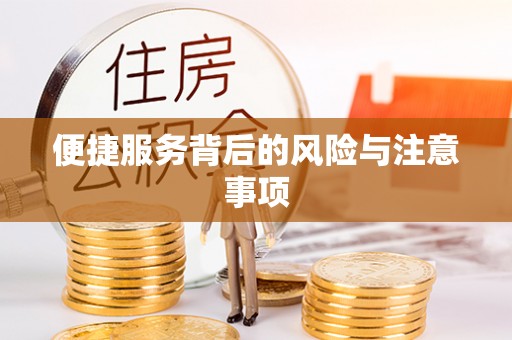 南市便捷服务背后的风险与注意事项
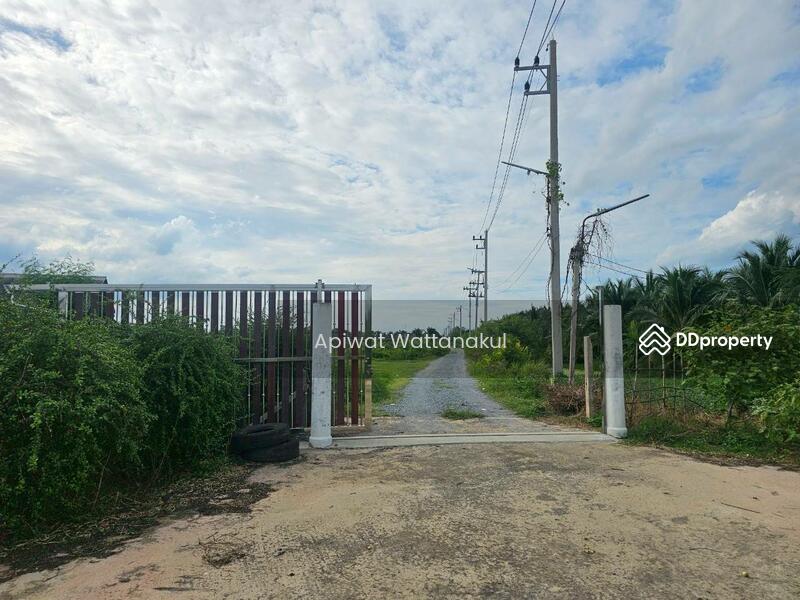 For Sale - Coconut Farm Business with Warehouse, Ratchaburi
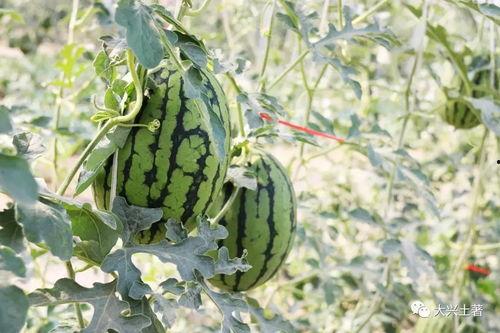 西华网红吃瓜,揭秘网络红人的幕后故事  第2张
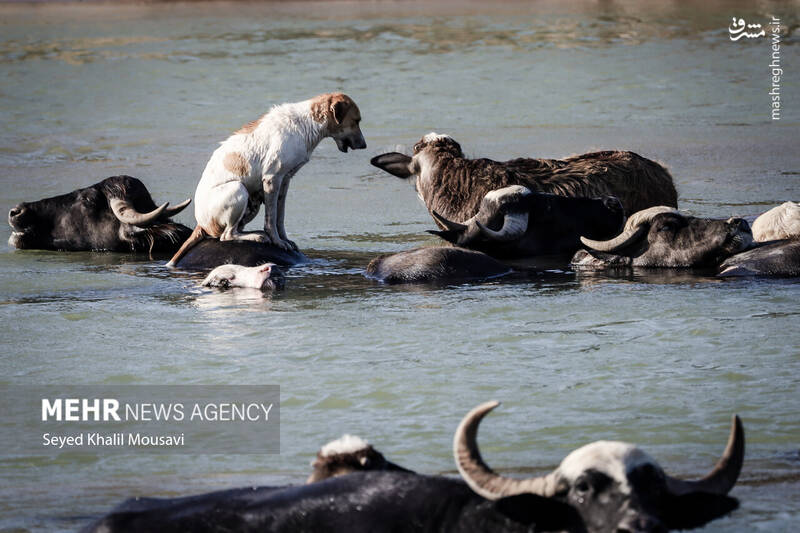 عکس/ زندگی در کنار گاومیشها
┄┄┄┄┄┄
Return the listing above word for word, with the pictures removed.

 南市便捷服务背后的风险与注意事项
 For Sale - Coconut Farm Business with Warehouse, Ratchaburi
 西华网红吃瓜,揭秘网络红人的幕后故事  第2张
 عکس/ زندگی در کنار گاومیشها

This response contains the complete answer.